Biden Administration

“Behind the border mess: Open GOP rebellion against McConnell” [Politico]. “Trump and Speaker Mike Johnson helped squash the border bill’s prospects in the House while Ron Johnson, Lee, Cruz, Scott and Sen. J.D. Vance (R-Ohio) pummeled it on TV and social media. The intensity of that assault turned many GOP senators sour on a border security deal that would have amounted to the most conservative immigration bill backed by a Democratic president in a generation — a bill they once said was the key to unlocking Ukraine aid. Though McConnell touted the work of Sen. James Lankford (R-Okla.) and the bill’s endorsement by the Border Patrol union, he conceded what was obvious by Monday night: This legislation is dead. ‘The reason we ended up where we are is the members decided, since it was never going to become law, they didn’t want to deal with it,’ McConnell said in the interview. ‘I don’t know who is at fault here, in terms of trying to cast public blame.’ At Tuesday’s party meeting, Cruz told McConnell that the border deal was indefensible, while Sen.
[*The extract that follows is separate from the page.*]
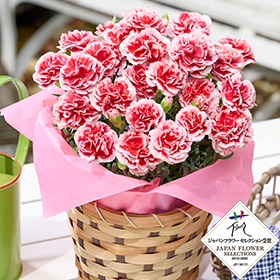 カーネーション いちごホイップ】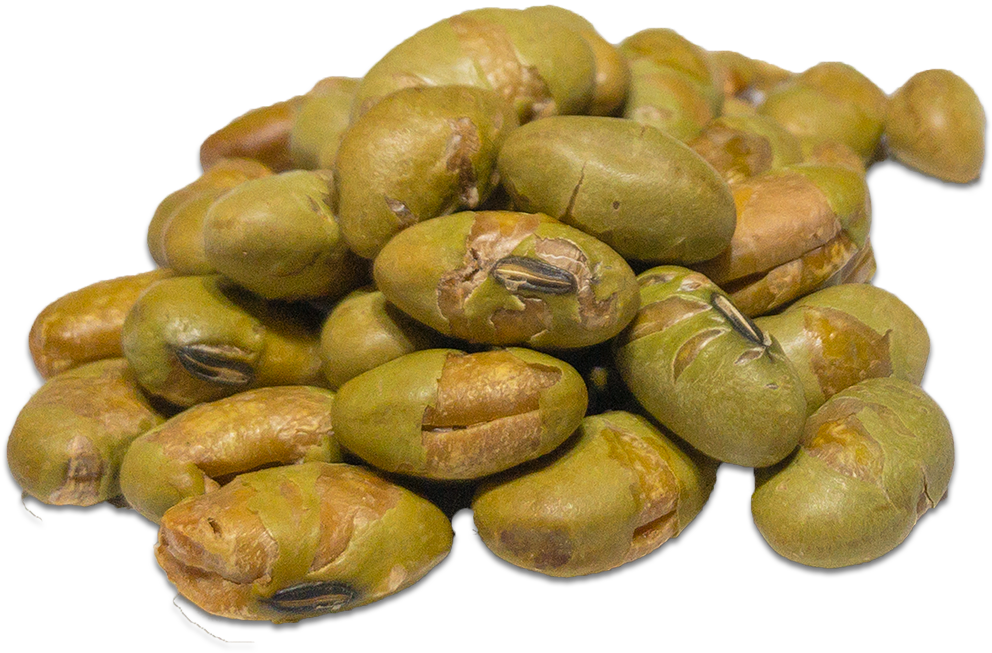 Pileof Edamame Beans.png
Lisa Murkowski (R-Alaska) questioned why the GOP would walk away from it, according to two people familiar with the meeting. That followed a Monday evening private meeting where Johnson got into a near-shouting match with Sen. Todd Young (R-Ind.), one of several senators who has tried to rebut Trump’s influence on the party.” • It wouldn’t have helped Biden anyhow; why wouldn’t voters vote for a real Republican?

2024

Less than a year to go!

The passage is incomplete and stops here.